In conclusion, regardless of the number of coins, gambler $A$ always has a $50\%$ chance of getting more heads than gambler $B$.


Standard Approach

Another way to solve this problem is by leveraging the symmetry of the setup.

Notice that the extra coin is what makes gambler $ A $ different from gambler $ B $. If we remove that extra coin, both gamblers become symmetric, which makes the analysis much simpler.

Now, if both $ A $ and $ B $ have the same $ n $ fair coins, there are three possible outcomes:

  • $ S_1 $: $ h_A^n > h_B $
  • $ S_2 $: $ h_A^n = h_B $
  • $ S_3 $: $ h_A^n < h_B $

where $ h_A^n $ denotes the number of heads obtained by gambler $ A $ after removing the extra coin.

By symmetry, we have:

\[\mathbb{P}(S_1) = \mathbb{P}(S_3)\]

Let:

\[\mathbb{P}(S_1) = \mathbb{P}(S_3) = x, \quad \mathbb{P}(S_2) = y\]

Since these are all the possible outcomes:

\[\mathbb{P}(S_1) + \mathbb{P}(S_2) + \mathbb{P}(S_3) = 2x + y = 1\]

If either $ S_1 $ or $ S_3 $ occurs, gambler $ A $ will either definitely win or definitely lose, respectively, regardless of the extra coin.

However, if $ S_2 $ occurs, the outcome depends on the extra coin. In this case, gambler $ A $ wins if the extra coin shows heads.
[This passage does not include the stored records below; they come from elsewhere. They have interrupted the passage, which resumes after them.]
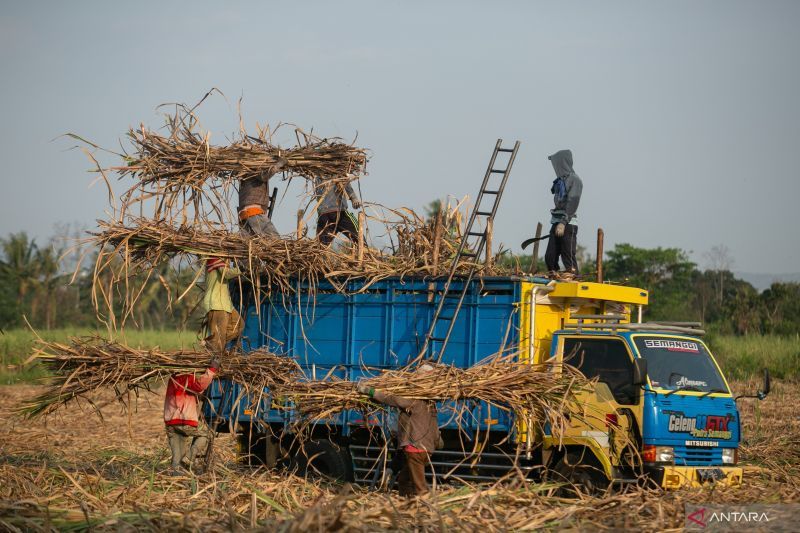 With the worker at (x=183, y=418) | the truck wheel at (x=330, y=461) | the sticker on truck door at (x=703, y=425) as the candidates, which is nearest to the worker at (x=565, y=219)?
the sticker on truck door at (x=703, y=425)

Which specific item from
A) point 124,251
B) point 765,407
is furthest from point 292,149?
Result: point 765,407

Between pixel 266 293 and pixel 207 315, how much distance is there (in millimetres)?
725

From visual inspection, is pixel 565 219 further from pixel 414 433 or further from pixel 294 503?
pixel 294 503

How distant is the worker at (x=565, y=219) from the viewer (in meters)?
12.6

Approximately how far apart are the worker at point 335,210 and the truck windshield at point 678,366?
4.08 metres

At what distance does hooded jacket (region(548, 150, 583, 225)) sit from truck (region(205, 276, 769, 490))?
1.42 m

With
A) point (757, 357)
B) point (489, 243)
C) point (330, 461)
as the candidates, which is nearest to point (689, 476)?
point (489, 243)

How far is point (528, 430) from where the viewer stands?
10266mm

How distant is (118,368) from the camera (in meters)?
10.5

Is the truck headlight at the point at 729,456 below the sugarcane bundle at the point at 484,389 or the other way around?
below

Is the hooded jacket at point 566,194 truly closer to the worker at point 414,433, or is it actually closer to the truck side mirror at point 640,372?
the truck side mirror at point 640,372

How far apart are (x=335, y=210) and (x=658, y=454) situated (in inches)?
204

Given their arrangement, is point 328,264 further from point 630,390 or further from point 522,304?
point 630,390

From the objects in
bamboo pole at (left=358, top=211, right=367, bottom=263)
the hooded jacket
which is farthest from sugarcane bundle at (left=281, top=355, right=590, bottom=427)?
the hooded jacket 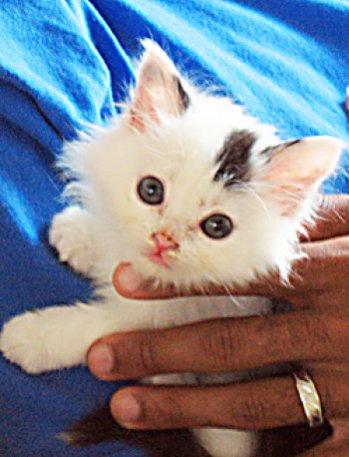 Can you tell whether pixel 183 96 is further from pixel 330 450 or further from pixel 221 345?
pixel 330 450

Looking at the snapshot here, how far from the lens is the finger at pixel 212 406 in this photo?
0.93 meters

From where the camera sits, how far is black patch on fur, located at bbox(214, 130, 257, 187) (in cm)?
85

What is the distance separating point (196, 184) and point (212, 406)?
35cm

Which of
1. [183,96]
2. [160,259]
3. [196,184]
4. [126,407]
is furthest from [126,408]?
[183,96]

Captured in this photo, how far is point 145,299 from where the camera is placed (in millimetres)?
914

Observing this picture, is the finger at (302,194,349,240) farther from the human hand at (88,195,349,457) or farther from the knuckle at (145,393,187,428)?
the knuckle at (145,393,187,428)

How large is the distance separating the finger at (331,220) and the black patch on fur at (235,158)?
0.73 ft

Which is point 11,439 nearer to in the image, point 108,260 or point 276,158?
point 108,260

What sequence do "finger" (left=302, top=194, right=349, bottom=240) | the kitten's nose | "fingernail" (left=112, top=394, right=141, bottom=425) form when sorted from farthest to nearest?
"finger" (left=302, top=194, right=349, bottom=240) < "fingernail" (left=112, top=394, right=141, bottom=425) < the kitten's nose

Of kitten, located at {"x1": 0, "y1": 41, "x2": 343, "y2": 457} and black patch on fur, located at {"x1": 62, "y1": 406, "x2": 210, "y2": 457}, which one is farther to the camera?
black patch on fur, located at {"x1": 62, "y1": 406, "x2": 210, "y2": 457}

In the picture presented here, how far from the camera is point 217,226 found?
0.86 m

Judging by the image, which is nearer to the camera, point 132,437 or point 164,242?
point 164,242

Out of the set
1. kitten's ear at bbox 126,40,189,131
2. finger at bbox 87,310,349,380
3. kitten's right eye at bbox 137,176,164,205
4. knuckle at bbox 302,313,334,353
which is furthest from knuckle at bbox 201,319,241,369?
kitten's ear at bbox 126,40,189,131

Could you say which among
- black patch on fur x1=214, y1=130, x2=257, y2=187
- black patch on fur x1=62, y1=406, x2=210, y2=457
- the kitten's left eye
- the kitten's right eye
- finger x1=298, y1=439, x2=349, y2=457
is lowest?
finger x1=298, y1=439, x2=349, y2=457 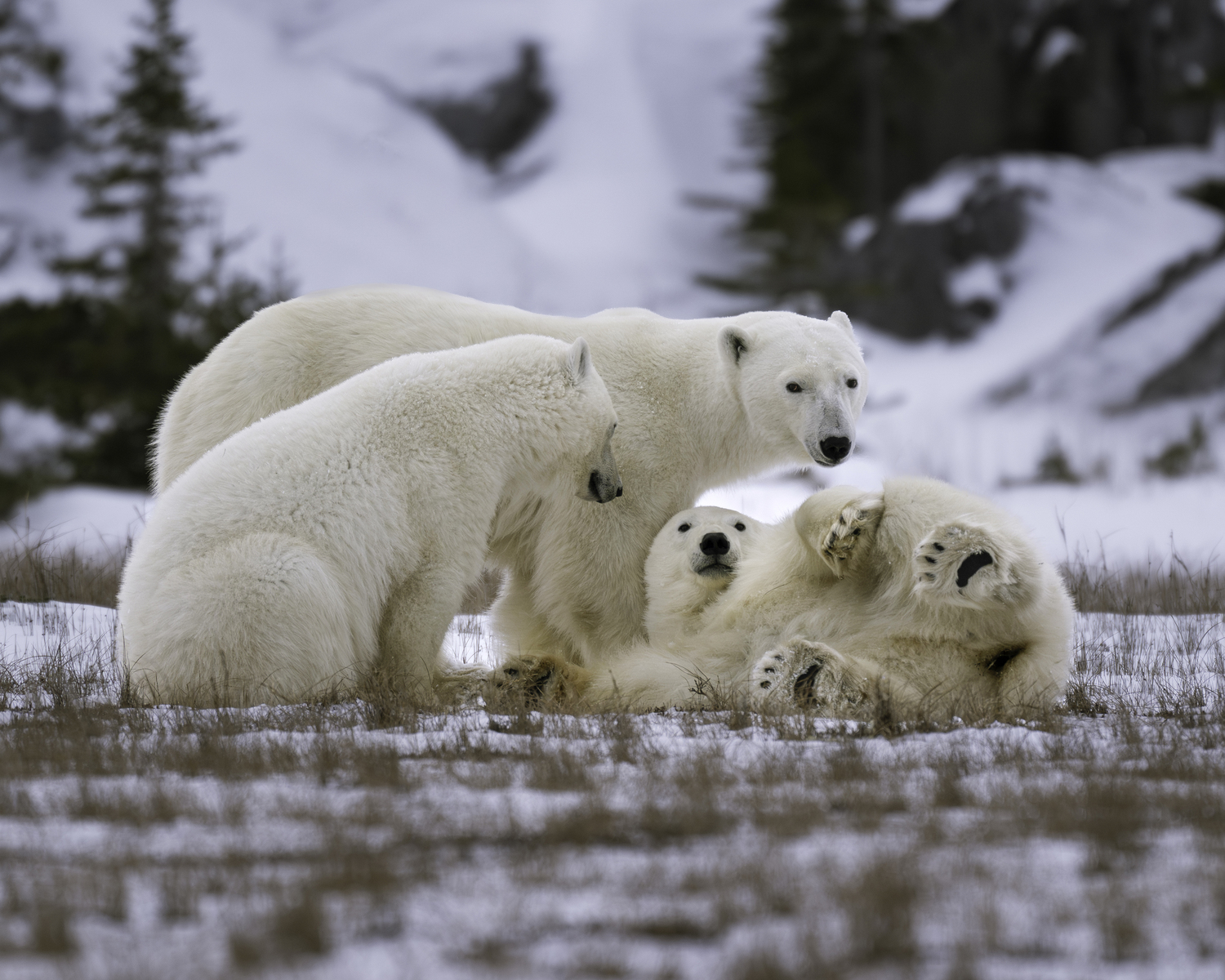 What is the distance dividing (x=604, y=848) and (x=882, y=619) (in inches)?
79.4

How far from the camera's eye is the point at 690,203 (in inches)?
1443

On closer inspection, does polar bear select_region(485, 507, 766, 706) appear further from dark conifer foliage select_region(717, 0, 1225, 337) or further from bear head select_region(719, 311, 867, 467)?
dark conifer foliage select_region(717, 0, 1225, 337)

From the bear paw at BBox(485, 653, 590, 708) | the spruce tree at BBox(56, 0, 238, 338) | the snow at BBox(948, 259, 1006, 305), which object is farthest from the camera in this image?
the snow at BBox(948, 259, 1006, 305)

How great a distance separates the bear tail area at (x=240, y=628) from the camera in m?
3.85

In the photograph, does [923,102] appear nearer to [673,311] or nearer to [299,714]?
[673,311]

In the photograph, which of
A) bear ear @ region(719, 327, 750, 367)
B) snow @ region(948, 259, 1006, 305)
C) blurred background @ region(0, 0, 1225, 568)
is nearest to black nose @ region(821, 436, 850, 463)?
bear ear @ region(719, 327, 750, 367)

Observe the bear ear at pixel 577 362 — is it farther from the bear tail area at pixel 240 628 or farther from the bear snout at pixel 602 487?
the bear tail area at pixel 240 628

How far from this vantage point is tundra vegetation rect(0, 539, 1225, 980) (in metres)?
1.78

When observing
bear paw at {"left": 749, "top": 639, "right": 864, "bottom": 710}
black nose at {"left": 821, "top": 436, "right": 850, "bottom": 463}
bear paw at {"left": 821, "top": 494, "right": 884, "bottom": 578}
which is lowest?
bear paw at {"left": 749, "top": 639, "right": 864, "bottom": 710}

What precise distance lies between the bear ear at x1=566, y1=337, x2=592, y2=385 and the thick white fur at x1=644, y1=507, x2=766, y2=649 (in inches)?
27.4

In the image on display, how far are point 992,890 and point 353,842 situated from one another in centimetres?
109

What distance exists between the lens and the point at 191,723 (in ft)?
10.8

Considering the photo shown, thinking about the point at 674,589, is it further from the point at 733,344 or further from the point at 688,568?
the point at 733,344

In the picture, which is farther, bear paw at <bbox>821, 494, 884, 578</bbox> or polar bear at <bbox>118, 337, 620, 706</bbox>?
bear paw at <bbox>821, 494, 884, 578</bbox> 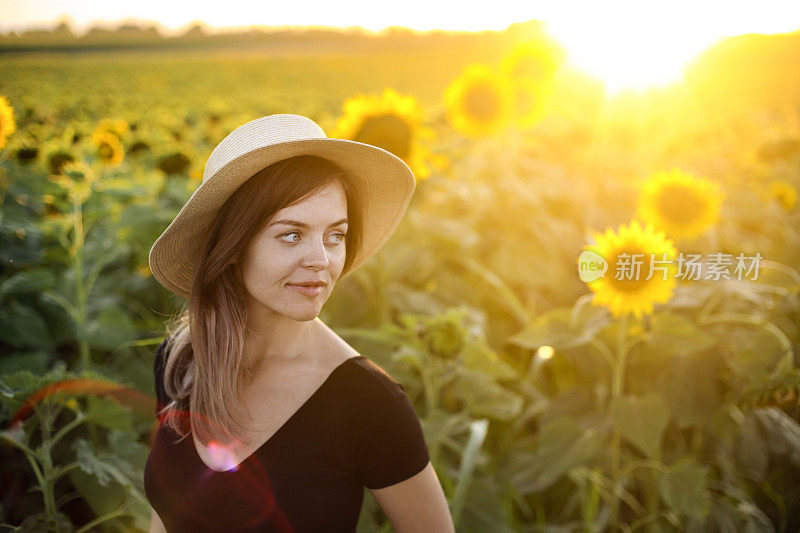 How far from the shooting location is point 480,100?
3156 millimetres

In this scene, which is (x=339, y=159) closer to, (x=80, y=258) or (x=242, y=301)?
(x=242, y=301)

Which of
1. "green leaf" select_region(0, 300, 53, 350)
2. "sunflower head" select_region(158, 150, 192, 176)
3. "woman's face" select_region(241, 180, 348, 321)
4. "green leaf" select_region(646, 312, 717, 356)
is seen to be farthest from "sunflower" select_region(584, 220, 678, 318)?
"sunflower head" select_region(158, 150, 192, 176)

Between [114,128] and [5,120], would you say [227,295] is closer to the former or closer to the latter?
[5,120]

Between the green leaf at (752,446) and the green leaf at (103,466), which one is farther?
the green leaf at (752,446)

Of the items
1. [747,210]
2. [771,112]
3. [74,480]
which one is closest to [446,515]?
[74,480]

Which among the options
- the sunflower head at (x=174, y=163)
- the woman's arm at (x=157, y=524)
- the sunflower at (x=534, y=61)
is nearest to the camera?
the woman's arm at (x=157, y=524)

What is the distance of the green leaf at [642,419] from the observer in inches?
62.5

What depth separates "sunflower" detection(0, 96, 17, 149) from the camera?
195 cm

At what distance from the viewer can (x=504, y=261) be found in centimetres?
261

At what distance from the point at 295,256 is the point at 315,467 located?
394 mm

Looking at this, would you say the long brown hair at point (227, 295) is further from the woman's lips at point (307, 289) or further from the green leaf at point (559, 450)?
the green leaf at point (559, 450)

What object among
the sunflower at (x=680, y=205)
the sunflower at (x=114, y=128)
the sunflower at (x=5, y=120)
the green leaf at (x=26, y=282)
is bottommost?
the green leaf at (x=26, y=282)

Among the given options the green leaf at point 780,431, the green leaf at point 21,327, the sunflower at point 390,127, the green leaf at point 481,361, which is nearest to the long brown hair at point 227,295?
the green leaf at point 481,361

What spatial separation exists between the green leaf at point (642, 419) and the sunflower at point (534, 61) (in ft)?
7.47
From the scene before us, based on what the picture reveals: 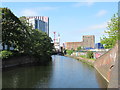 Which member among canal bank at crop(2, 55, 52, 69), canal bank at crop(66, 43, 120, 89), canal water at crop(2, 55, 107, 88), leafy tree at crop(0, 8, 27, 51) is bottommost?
canal water at crop(2, 55, 107, 88)

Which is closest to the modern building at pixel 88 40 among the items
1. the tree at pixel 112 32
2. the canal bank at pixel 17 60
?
A: the canal bank at pixel 17 60

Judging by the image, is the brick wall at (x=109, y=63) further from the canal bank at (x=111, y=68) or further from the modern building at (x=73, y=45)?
the modern building at (x=73, y=45)

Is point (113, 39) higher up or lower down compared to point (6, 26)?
lower down

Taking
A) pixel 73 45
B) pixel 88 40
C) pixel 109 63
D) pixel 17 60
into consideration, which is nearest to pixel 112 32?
pixel 109 63

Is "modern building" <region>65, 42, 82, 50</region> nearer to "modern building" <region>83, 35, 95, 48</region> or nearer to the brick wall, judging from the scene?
"modern building" <region>83, 35, 95, 48</region>

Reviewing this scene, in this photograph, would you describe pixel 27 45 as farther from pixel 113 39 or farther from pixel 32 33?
pixel 113 39

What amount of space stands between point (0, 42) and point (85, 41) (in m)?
140

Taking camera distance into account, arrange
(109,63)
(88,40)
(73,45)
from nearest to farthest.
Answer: (109,63), (88,40), (73,45)

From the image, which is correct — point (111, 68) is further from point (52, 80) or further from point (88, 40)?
point (88, 40)

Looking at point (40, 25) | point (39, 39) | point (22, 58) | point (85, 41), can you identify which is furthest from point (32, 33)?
point (85, 41)

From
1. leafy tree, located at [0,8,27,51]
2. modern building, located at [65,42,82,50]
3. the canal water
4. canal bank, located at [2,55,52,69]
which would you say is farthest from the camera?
modern building, located at [65,42,82,50]

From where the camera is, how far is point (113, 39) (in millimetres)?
31781

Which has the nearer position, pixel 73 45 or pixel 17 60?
pixel 17 60

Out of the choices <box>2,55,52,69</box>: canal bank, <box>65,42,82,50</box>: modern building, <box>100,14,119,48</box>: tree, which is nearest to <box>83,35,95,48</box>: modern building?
<box>65,42,82,50</box>: modern building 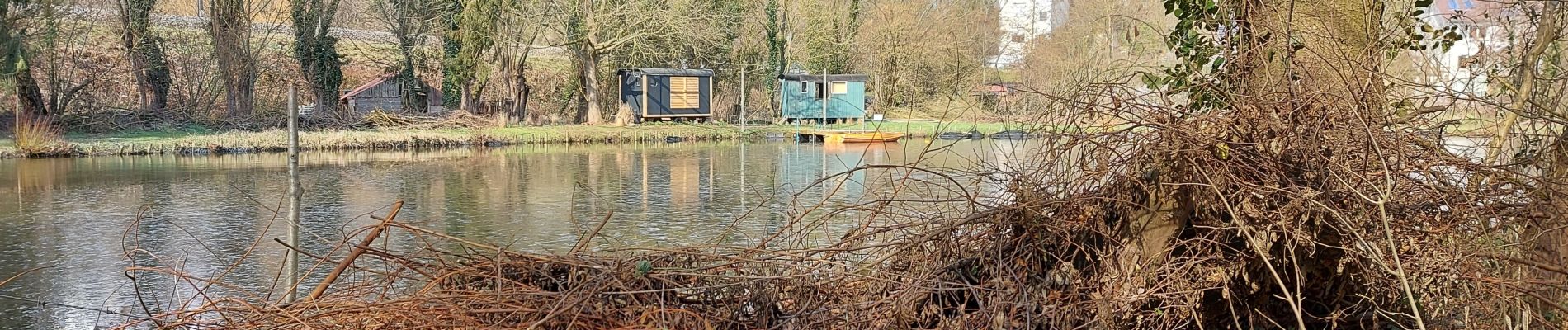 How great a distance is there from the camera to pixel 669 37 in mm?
32969

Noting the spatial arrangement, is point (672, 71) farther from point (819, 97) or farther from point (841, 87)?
point (841, 87)

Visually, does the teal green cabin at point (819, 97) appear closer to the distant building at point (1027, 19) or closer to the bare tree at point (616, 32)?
the bare tree at point (616, 32)

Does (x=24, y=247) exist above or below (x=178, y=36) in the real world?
below

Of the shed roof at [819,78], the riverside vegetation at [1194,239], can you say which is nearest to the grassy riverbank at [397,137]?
the shed roof at [819,78]

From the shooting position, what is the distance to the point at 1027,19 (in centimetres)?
4566

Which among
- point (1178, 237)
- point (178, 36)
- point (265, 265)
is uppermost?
point (178, 36)

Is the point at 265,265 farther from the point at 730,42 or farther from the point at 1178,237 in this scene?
the point at 730,42

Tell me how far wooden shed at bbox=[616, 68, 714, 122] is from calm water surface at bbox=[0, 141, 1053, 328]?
315 inches

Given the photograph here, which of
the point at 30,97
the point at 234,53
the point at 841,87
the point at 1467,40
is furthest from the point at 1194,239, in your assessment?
the point at 841,87

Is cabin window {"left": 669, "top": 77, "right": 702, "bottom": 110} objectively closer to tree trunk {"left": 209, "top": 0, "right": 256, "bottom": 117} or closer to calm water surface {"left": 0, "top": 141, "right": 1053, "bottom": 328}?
calm water surface {"left": 0, "top": 141, "right": 1053, "bottom": 328}

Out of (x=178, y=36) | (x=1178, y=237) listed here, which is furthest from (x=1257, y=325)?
(x=178, y=36)

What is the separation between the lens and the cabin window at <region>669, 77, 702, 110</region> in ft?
111

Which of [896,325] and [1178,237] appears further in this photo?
[896,325]

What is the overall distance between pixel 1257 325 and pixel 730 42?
106 feet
Since it’s a fair coin, this happens with probability $ 0.5 $. Therefore, the probability of $ A $ winning in this scenario is $ 0.5\mathbb{P}(S_2) = 0.5y $.

Putting it all together, the total probability that $ A $ wins is:

\[\mathbb{P}(S_1) + 0.5\mathbb{P}(S_2) = x + 0.5y = x + 0.5(1 - 2x) = \frac{1}{2}\]

Conclusion:
The result is the same as before — gambler $ A $ has a 50% chance of getting more heads than gambler $ B $.


Simulation in Python

To verify the analytical result, we can run a simple simulation in Python as shown below:

import numpy as np

def run_simulation(n, num_simulations):
    """
    Runs a simulation by looping 'num_simulations' times.
    """
    A_win_times = 0

    for _ in range(num_simulations):
        # Generate coin flips (1 = Heads, 0 = Tails)
        # Gambler A has n+1 coins, Gambler B has n coins
        A_coins = np.random.randint(0, 2, size=n + 1)
        B_coins = np.random.randint(0, 2, size=n)

        # Count the number of heads
        A_heads = np.sum(A_coins)
        B_heads = np.sum(B_coins)

        if A_heads > B_heads:
            A_win_times += 1

    # Return the calculated probability
    return A_win_times / num_simulations

def main():
    """
    Main function to set parameters and print results.
    """
    # Parameters
    n_coins = 10000
    simulation_times = 100000

    print(f"Running {simulation_times:,} simulations...")
    print(f"Gambler A has {n_coins + 1} coins.")
    print(f"Gambler B has {n_coins} coins.\n")

    # Run simulation
    win_probability = run_simulation(n_coins, simulation_times)

    print(f"Probability of A winning: {win_probability:.4f}")

# Standard Python entry point
if __name__ == "__main__":
    main()

When running this script, the output is:

Running 100,000 simulations...
Gambler A has 10,001 coins.
Gambler B has 10,000 coins.

Probability of A winning: 0.50003

As expected, the simulation confirms that gambler $A$ has roughly a $50\%$ chance of getting more heads than gambler $B$.